President Ader should not sign problematic new law.

 

By Kyle Knight & Lydia Gall

 

HRW (21.05.2020) – https://bit.ly/2Xsmuxl – Hungary’s parliament this week passed a law making it impossible for transgender or intersex people to legally change their gender – putting them at risk of harassment, discrimination, and even violence in daily situations when they need to use identity documents. The law is a major backwards step on transgender and intersex rights, and yet another violation of Hungary’s international rights obligations. It comes at a time when the government has used the Covid-19 pandemic as a pretext to grab unlimited power and is using parliament to rubber-stamp problematic non-public health related bills, like this one.

 

“Danny,” a 33-year-old transgender man living in Budapest, described his daily humiliation to Human Rights Watch. “I’m always stressed and uncomfortable … where I have to show my identity documents, for instance when I go to the post office or want to cross a border. I get funny looks, questions, and am forced to explain a very personal story to random strangers and that’s humiliating,” Danny said. “It really destroys my day.”

 

The legislation redefines the word “nem,” which in Hungarian can mean both “sex” and “gender,” to specifically refer to a person’s sex at birth as “biological sex based on primary sex characteristics and chromosomes.” According to Hungarian law, birth sex, once recorded, cannot be amended. This means that anyone who doesn’t identify with the sex they were assigned at birth – such as transgender people – will be denied the right to change their legal gender marker to correspond to their identity.

 

Intersex refers to the estimated 1.7 percent of people born with sex characteristics that differ from social expectations of female or male. Because their bodies are often misunderstood or miscategorized, intersex people may need access to legal gender recognition procedures later in life.

 

This new law compounds the marginalization trans people in Hungary already face.
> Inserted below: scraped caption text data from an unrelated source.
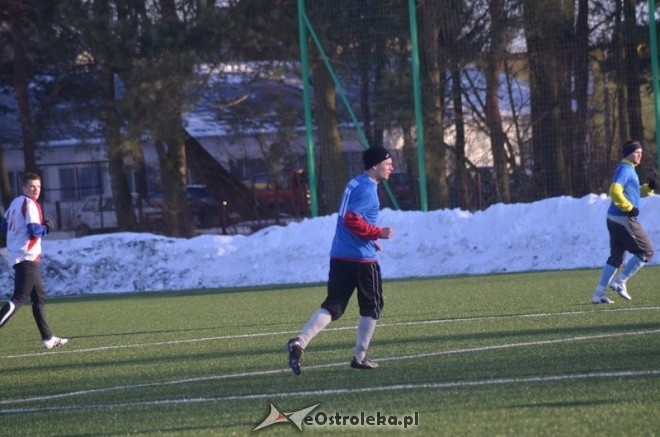 Korona HiD - Iskra Krasne [16.03.2013] - zdjęcie #14 - eOstroleka.pl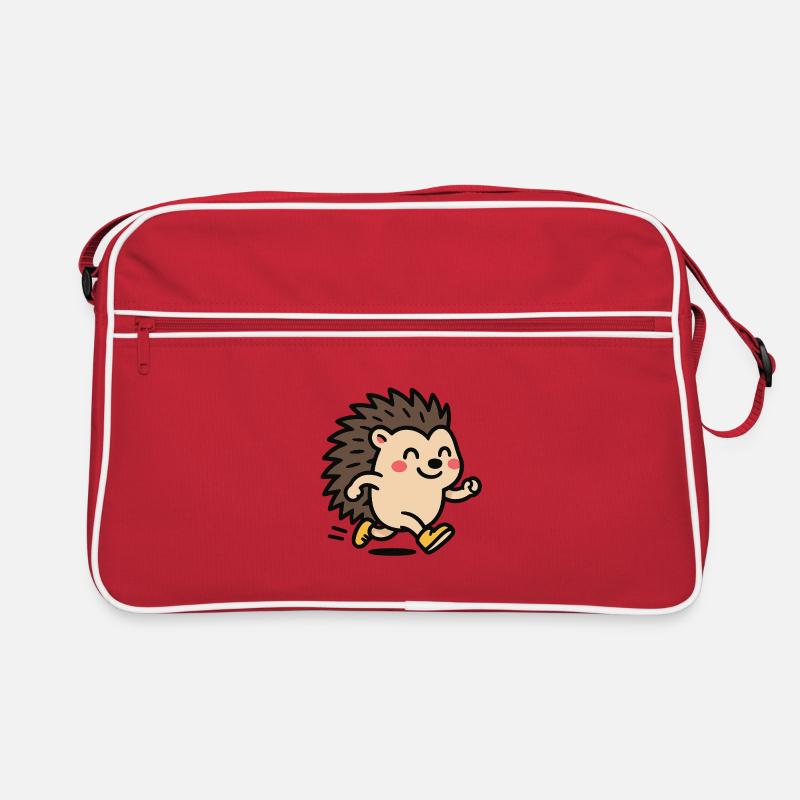 Sac Retro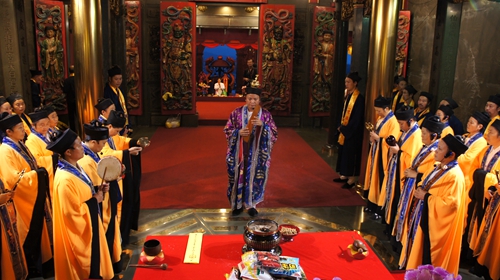 �Ĵ����ɽ���쎟Ѳ�_����������M�_�����񱊟���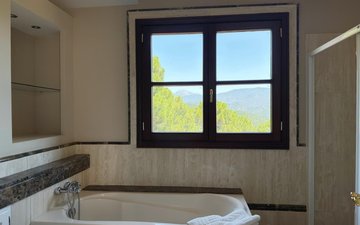 Property slide 70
A recent survey showed that 95 percent of respondents in Hungary believe the government does not effectively combat anti-LGBT bias. It also violates Hungary’s obligations under the European Convention on Human Rights.

 

Hungarian President Janos Ader has a duty to ensure that people’s basic rights are not violated by unconstitutional laws. He should decline to sign this law and instead refer it to the Constitutional Court for review. And the European Union’s Commissioner on Equality, Helena Dalli, should strongly denounce Hungary’s attack against nondiscrimination, a core right enshrined in EU treaties.